Academici moeten publiceren. Naast het publiceren van vulgariserende artikels in breed toegankelijke tijdschriften en dagbladen, verwacht men van hen in eerste instantie de publicatie van wetenschappelijke artikels in gespecialiseerde vaktijdschriften. Wetenschappelijke tijdschriften worden onderverdeeld in verschillende categorieën. Het tijdschrift dat u nu aan het lezen bent, wordt geclassificeerd als een A4-tijdschrift. Voor de carrière van academici is slechts één categorie van tijdschriften relevant: de A1-tijdschriften.
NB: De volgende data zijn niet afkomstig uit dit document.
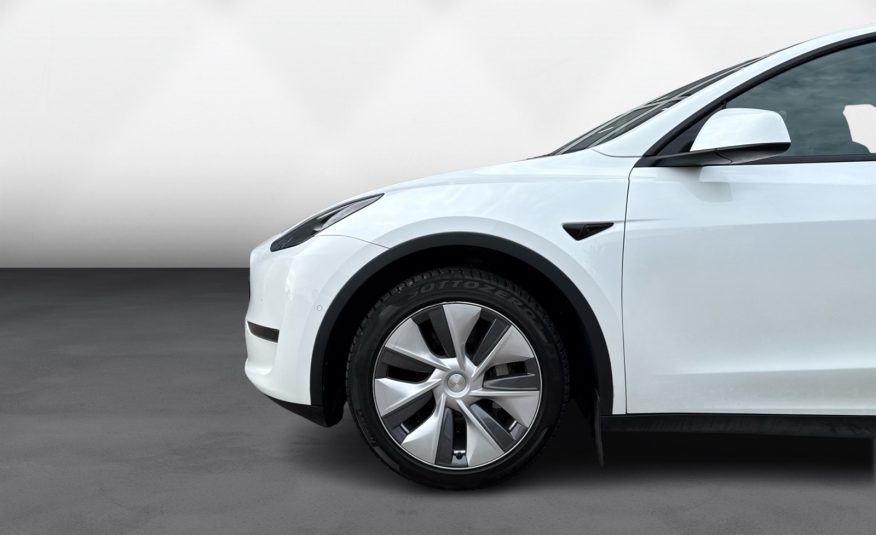 Tesla Model 3 Long Range AWD 4d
Tijdschriften die de stempel van A1-tijdschrift krijgen opgeplakt door het commerciële bedrijf Thomson Reuters verschijnen op de ‘Journal list’ van Web of Science.1 Niet alle tijdschriften op deze lijst zijn even belangrijk. Thomson Reuters berekent de impactfactor van elk van deze tijdschriften. De berekeningswijze van de impactfactor gebeurt grotendeels op basis van het aantal keer dat artikels uit deze tijdschriften geciteerd worden in andere artikels. Hoe meer citaties, hoe groter de impactfactor. Hoe groter de impactfactor, hoe groter de reputatie van het tijdschrift. Het is voor academici niet alleen van belang om te publiceren in A1-tijdschriften, maar bij voorkeur ook in A1-tijdschriften met een grote impactfactor.
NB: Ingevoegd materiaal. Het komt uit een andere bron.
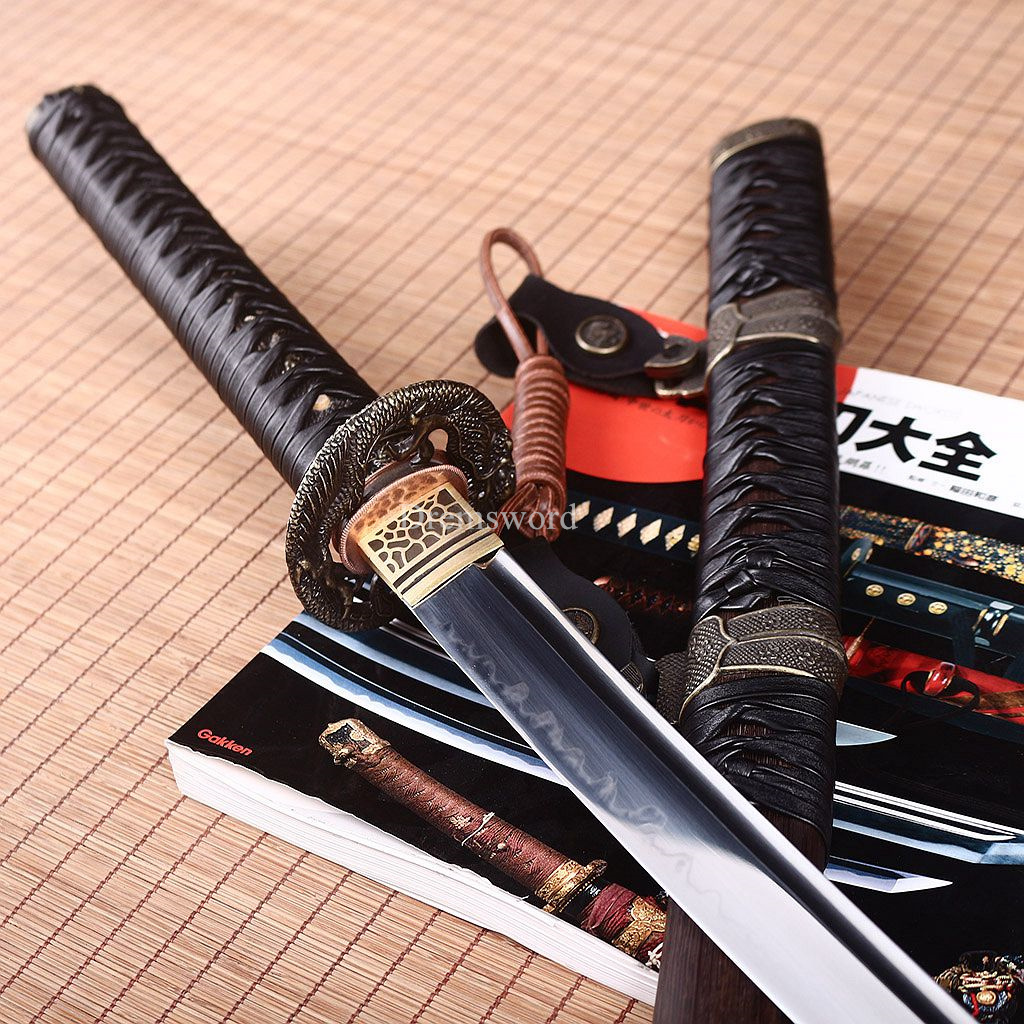 Battle Ready Tachi T10 Clay Tempered Japanese Samurai Katana Sword Real Hamon Shinogi Zukuri Full Tang  Sharp Brown.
Het grote belang van A1-publicaties in het academisch dossier kent zijn voorstanders (vaak geformuleerd door academici die een rijke A1-publicatielijst kunnen voorleggen) en tegenstanders (vaak academici die hun stukken niet kwijt kunnen in deze tijdschriften). De grootste kritiek van de tegenstanders komt er in essentie op neer dat enkel een bepaald type van onderzoek aan bod komt in A1-tijdschriften. Hun argument is dat slechts internationaal Angelsaksisch geïnspireerd onderzoek gepubliceerd raakt. Onderzoek gericht op lokale zeer particuliere contexten zou het reviewproces niet doorstaan. Zo klagen nogal wat Vlaamse historici de beperkte internationale publicatiemogelijkheden aan. Ook binnen sociale wetenschappen hoort men vaak gelijkaardige klachten. De sterke focus op kwantitatieve methoden (statistiek) zou tot gevolg hebben dat kwalitatief onderzoek (bijvoorbeeld onderzoek op basis van diepte-interviews en focusgroepen) slechts in beperkte mate gepubliceerd wordt.
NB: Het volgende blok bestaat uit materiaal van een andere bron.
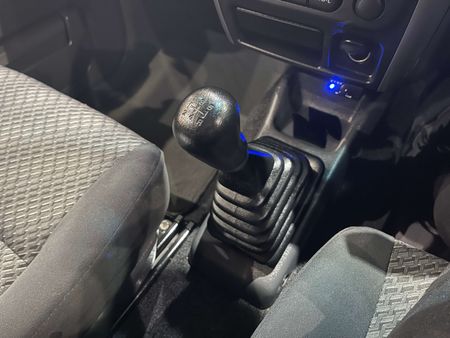 2017-Suzuki-Jimny-13_9
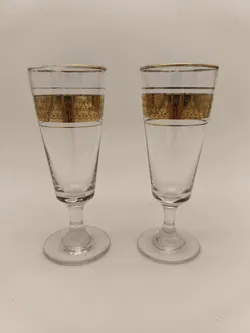 2 Gläser mit Goldverzierung, Weihnachten, Sylvester - Bild 1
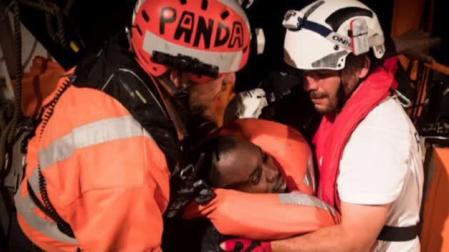 Italia cierra la puerta a un barco con 629 migrantes a bordo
In sommige vakgebieden zijn te weinig A1-tijdschriften. Bij wijze van voorbeeld nemen we het vakgebied van etnische studies (Ethnic Studies). Binnen dit domein zijn 14 tijdschriften erkend als A1-tijdschrift. Daarbinnen is nog een opdeling tussen verschillende benaderingswijze en thema’s. Voor gespecialiseerd onderzoek betekent dit al gauw dat slechts een handvol tijdschriften in aanmerking komen voor het insturen van artikels voor reviewing. Men zou kunnen veronderstellen dat bij een tekort aan tijdschriften in bepaalde vakgebieden er nieuwe tijdschriften worden gecreëerd. Zo eenvoudig ligt het echter niet. Het duurt jaren voor een tijdschrift ook maar een kans maakt om op de lijst van A1-tijdschriften terecht te komen. Nieuwe tijdschriften hebben het daarom moeilijk auteurs aan te trekken. De meesten zijn immers gefixeerd op publicaties in A1-tijdschriften en zijn dus niet geneigd hun artikels voor peer reviewing in te zenden bij niet A1-tijdschriften. Het A1-tijdschriftenlandschap is dan ook een vrij steriele aangelegenheid.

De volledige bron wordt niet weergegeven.